Inter-Worker Governance
Meta-DCC: the same algorithm governing the fleet that governs the search.
14 workers running independently waste compute. On nu3496 (3496 cities), the best worker found 2.02% gap while the worst sat at 4.34% — a 2,212-unit spread representing pure waste. The fix: a Level 1 DCC that monitors all workers, detects fleet stagnation, and (in Phase 2) intervenes by injecting good tours into stuck workers.
Same algorithm at both levels. The Meta-DCC uses the identical LZ76 compression sensor, coupling parameter, and escalation ladder as the base-level worker DCC. The only difference: what the sensor points at. Base-level DCC monitors individual search improvement streams. Meta-DCC monitors fleet-wide state snapshots. Same code. Same math. Different semantics.
The Fleet Lifecycle on uy734 (81 Meta-DCC Steps)
v2.5 ran 14 workers on uy734 (734 cities, optimal 79114) with Meta-DCC monitoring every 30 seconds. The resulting 81-step log revealed a clear three-phase lifecycle:
Steps 1–20
Healthy Fleet
All 14 workers IMPROVING. Fleet best drops rapidly: 83188 → 79942. meta_u climbs 10 → 18 (trust the workers). Spread narrows 1860 → 1342.
Steps 21–55
Stagnation
DEAD workers appear (5–13 per snapshot). Improvements rare. meta_u holds at 18 then starts dropping. Escalation climbs to SHARE level.
Steps 56–81
Fleet Exhaustion
meta_u drops 18 → 3. Step 65: all 14 workers DEAD, zero IMPROVING. Escalation reaches RESTRUCTURE. The sensor says: intervene NOW.
The Self-Calibrating Bands Discovery (P17)

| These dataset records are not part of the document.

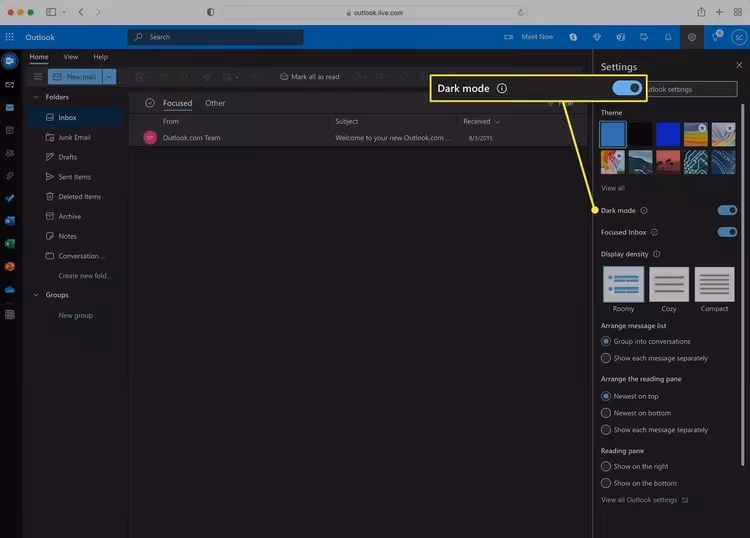 Click the Dark Mode slider to toggle it to On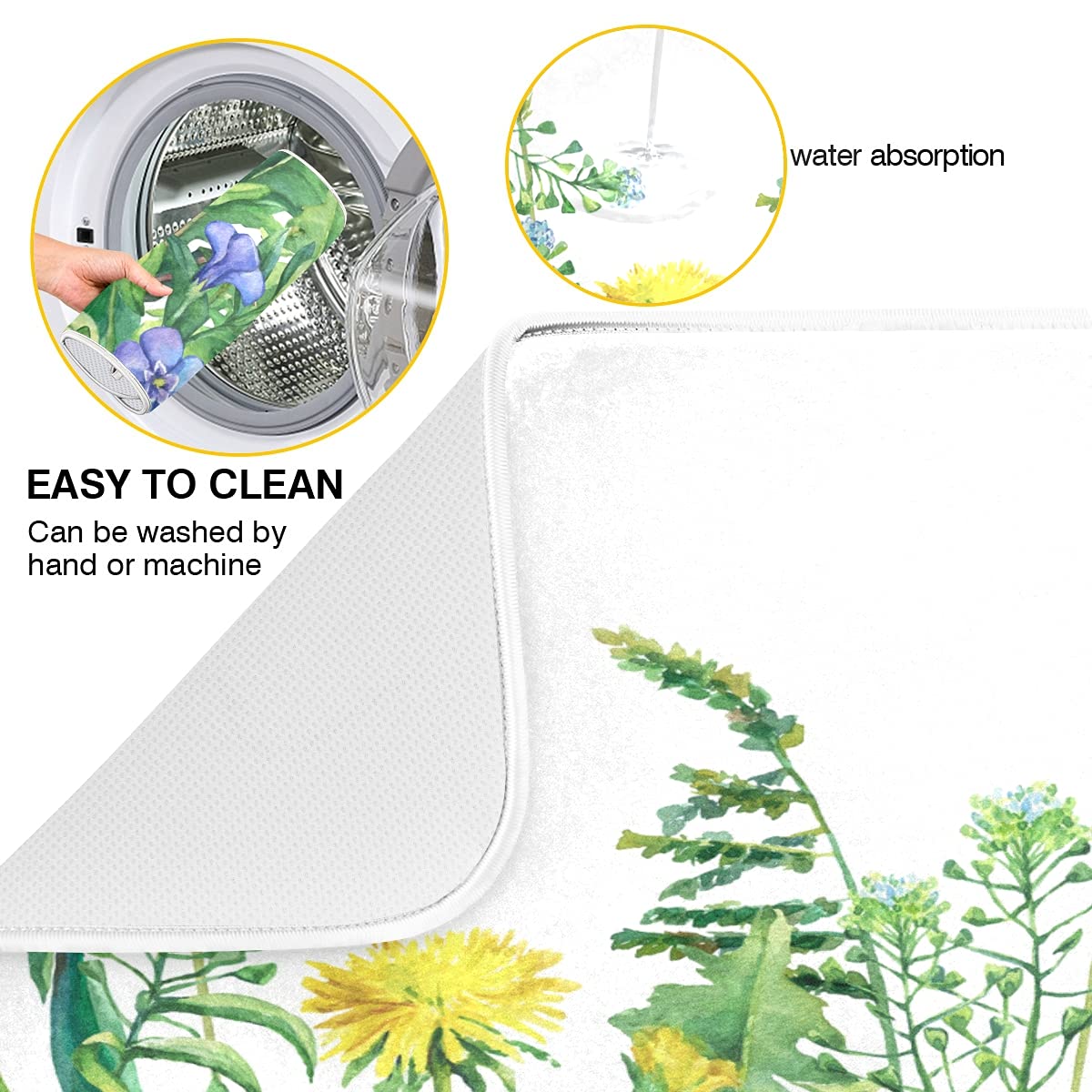Spring Breath Dish Drying Mat For Kitchen Counter 18'' X 24'' Inch - Absorbent Reversible Microfiber Dish Mat, Heat Resistant Dr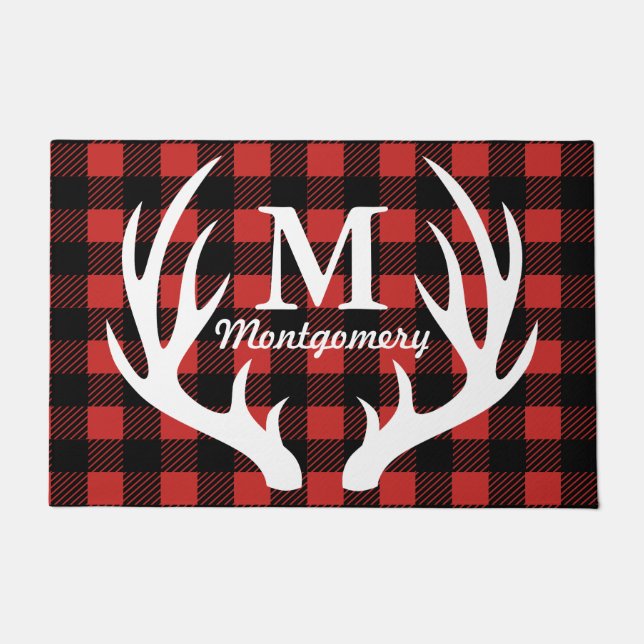 Rustic White Deer Antlers Buffalo Check Plaid Doormat (Front)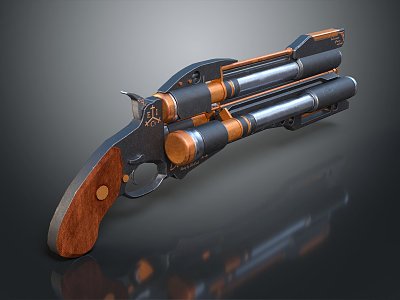 vintage pistol musket short musket 3d model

v2.4 hardcoded the LZ compression thresholds at [0.25, 0.65]. Real fleet data lived at [0.01, 0.08] — off by 10×. meta_u drifted to floor and stayed there: useless signal. This was the same mistake as the or-opt exclusion — overriding the system instead of letting it learn.
v2.5 fixed it: self-calibrating bands. The system tracks its own LZ ratio history and derives thresholds from the 25th/75th percentiles of what it has actually observed. After a 10-observation warmup, bands converged to [0.040, 0.061]. meta_u then used its full range [3, 18] with 22 meaningful direction changes. The system that was built to let data decide now lets data decide about its own parameters. MDL all the way down.
Worker Classification
Each 30-second snapshot classifies every worker:
- IMPROVING: Found improvement since last snapshot. Stuck counter resets to 0.

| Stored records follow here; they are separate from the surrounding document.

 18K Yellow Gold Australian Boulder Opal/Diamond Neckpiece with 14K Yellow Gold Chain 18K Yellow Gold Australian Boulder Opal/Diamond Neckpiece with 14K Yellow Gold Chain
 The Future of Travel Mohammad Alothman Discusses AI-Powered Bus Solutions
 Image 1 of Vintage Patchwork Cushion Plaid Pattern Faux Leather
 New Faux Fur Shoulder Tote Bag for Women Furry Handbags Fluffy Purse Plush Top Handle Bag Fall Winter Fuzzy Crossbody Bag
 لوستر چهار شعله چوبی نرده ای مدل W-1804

- GRINDING: No improvement but gap ≤ fleet median. Stuck counter decays by 1 (not accumulate). This prevents false escalation.
- STUCK: No improvement and gap > fleet median. Stuck counter increments.

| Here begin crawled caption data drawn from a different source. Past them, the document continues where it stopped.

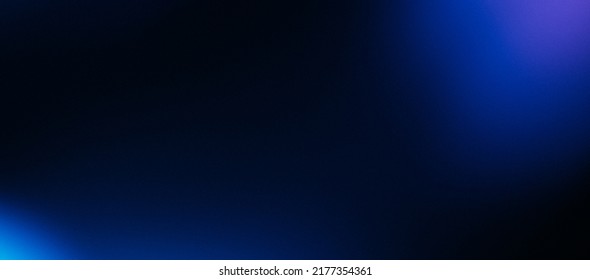 Defocused light flare. Blur glow banner. Cyber illumination. Bokeh neon navy blue black color gradient on dark night modern decorative abstract copy space background.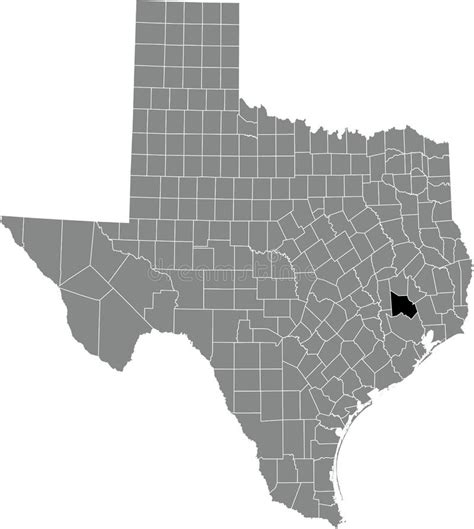 Location Map Of The Montgomery County Of Texas Usa Stock Vector
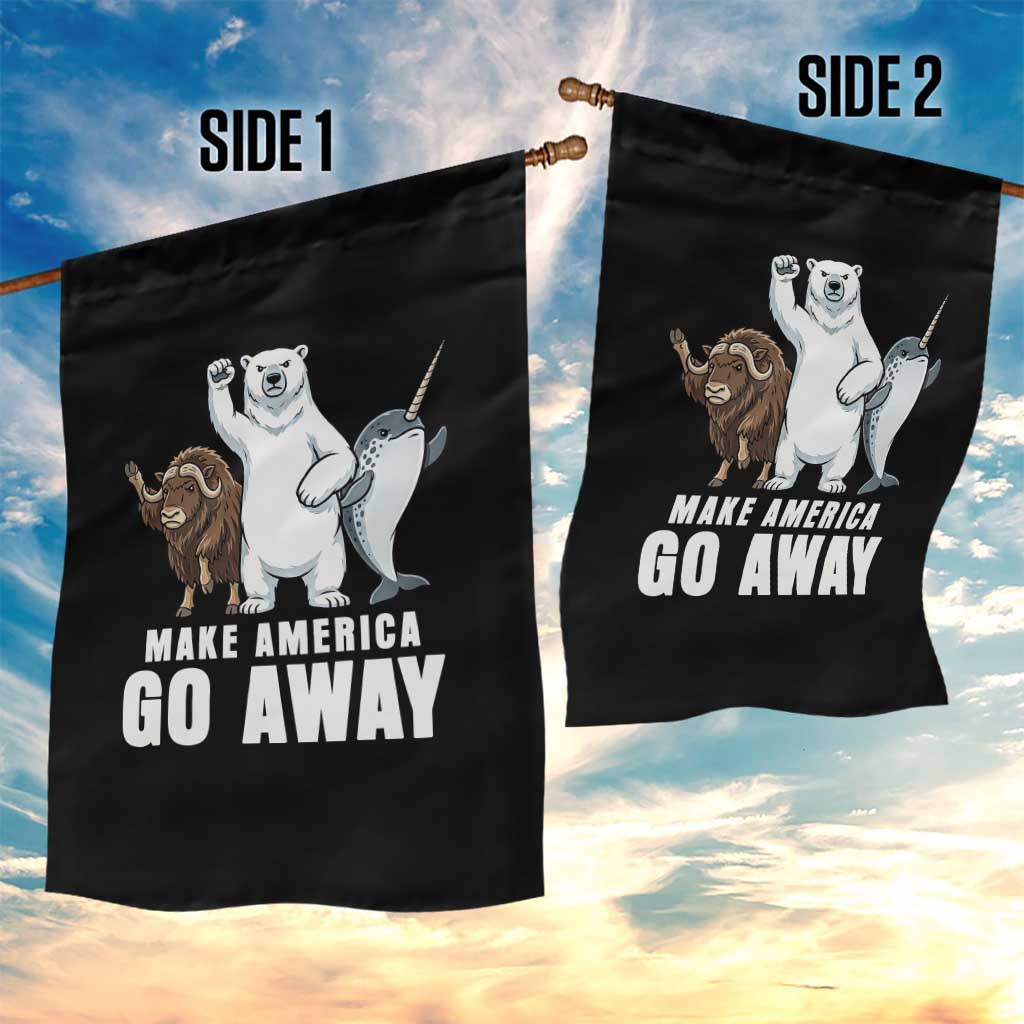 Funny Make America Go Away Garden Flag Anti Authoritarian Political Gag Gift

- DEAD: At nuclear escalation level (4). Stuck counter increments.
Fleet snapshot encoding: 1 byte per worker: state(2 bits) + escalation_bucket(2 bits) + stuck_bucket(2 bits). Fed to LZ76 sensor.
Escalation triggers: persistently_stuck = count of workers with stuck_intervals ≥ meta_stuck_threshold (default 3). Escalation: 0 stuck=OBSERVE, 1=INFORM, 2+=SHARE, 3+=CROSS-POLLINATE, >50% of fleet=RESTRUCTURE.
Band Self-Calibration
Warmup: First 10 LZ observations collected, meta_u frozen at midpoint. No coupling adjustment during warmup.
Calibration: Rolling window of last 100 LZ ratios. band_low = 25th percentile. band_high = 75th percentile. Guard: band_high = max(band_high, band_low + 0.001).
Coupling rule (search polarity): lz_ratio < band_low → meta_u decreases (fleet stuck, explore). lz_ratio > band_high → meta_u increases (fleet diverse, trust). Same polarity as base-level search DCC. Opposite from trading DCC.
Verified result: Bands converged from [0.000, 1.000] to [0.040, 0.061] on uy734. meta_u range after calibration: [3, 18] with 22 direction changes (vs 0 useful changes in v2.4 with hardcoded bands).
Result: uy734 reached 0.46% gap (79478) with 14 workers in 40 minutes. Phase 1 is observer-only — workers are identical to v2.3. The value of v2.5 is diagnostic: for the first time, we can see fleet dynamics in real time and have a calibrated sensor for Phase 2 interventions.